今年の1月以来、観劇は11ヶ月ぶりになりましたが、
3月にBSフジ「一滴の向こう側」の特集を4週間見ていたので
それほど開いている感じがしません。
今回は、ぎりぎりに取ったので後方の席でしたが、顔の表情も分かりました。
以下、感想はネタバレです。ご了承ください。
11月7日の感想
久しぶりに、公共ホールの全国公演に来たのですが、
青葉の森文化ホールは、千葉寺駅からすごく遠かった・・・
千葉寺までは自宅から1時間10分くらいなんですけれど。
公演までが徒歩10分くらいで、公演の中をさらに歩きます。
大ホールの前のロビーには喫茶店もあるのですが、この日はしまっていてロビーも真っ暗でした。
ですから、会場までは外のベンチにいました。
今回の観劇の主な目的はゾウの九郎衛門です。
九郎衛門は、2名の俳優が樹脂製のゾウに入って操作しています。
全国公演の九郎衛門担当者は6名で、
今日のキャストは東京公演を2回観たときとは違う組み合わせでした。
担当者は動物園でゾウを観察して研究するそうですが、どんなゾウを見てくるかによって、九郎衛門の性格も変わるのだそうです
東京公演で見たときに、九郎衛門の存在感にびっくりしたのですが、
考えてみると、私は大人になってから生きているゾウをちゃんと見たことなかったので、
10月から上野動物園に3回、多摩動物公園に1回行って、アジアゾウを観察しました。
ゾウは、性別、年齢による違いがハッキリしているし、個性も分かりやすいんですね。
さらに見続けていると、顔の特徴や動き方で個体の区別もできました。
そうやってゾウを見てから、九郎衛門を見ると、本物との違いもよくわかりました。
人間の脚の構造と、ゾウの脚とは違うので、関節の曲がり方も違うし、一番違うのは「鼻」ですね。

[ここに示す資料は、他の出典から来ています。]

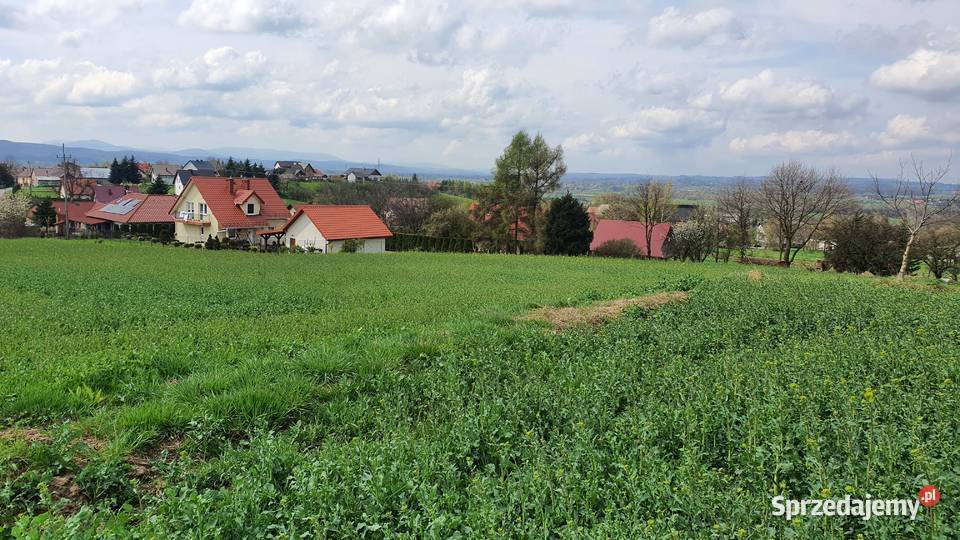 Pole rolne 77 a małopolskie Siedlec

九郎衛門の鼻は縦方向の動きだけですが、本物はもっと自在に動きます。
九郎衛門は上野動物園のアティ6才のモニュメントと同じくらいなので、オスのアジアゾウ6、7才の大きさです。
舞台の台詞からするともっと大きい、ということらしいのですが、人が中に入って操作するため大きさに限界があるのでしょう。
子供の頃インドで捕らえられて、中国で曲芸をしながら旅をし、その後日本に来た、という設定ですから、9才か10才くらいなのかな。
キバがないのは造形の関係かもしれませんし、人が飼うために切っている、ということかもしれません。
でも、やっぱり、舞台の上で九郎衛門は生きている「ゾウ」でした。
何気なく後ろの片足を上げているのは、本物のゾウもやっていることです。
そういう細かいところまでよく観察して演技しているんだなあ。
九郎衛門、初めて町の人たちと太郎坊に会った時は、知らない人に囲まれて、緊張して興奮していたんですね。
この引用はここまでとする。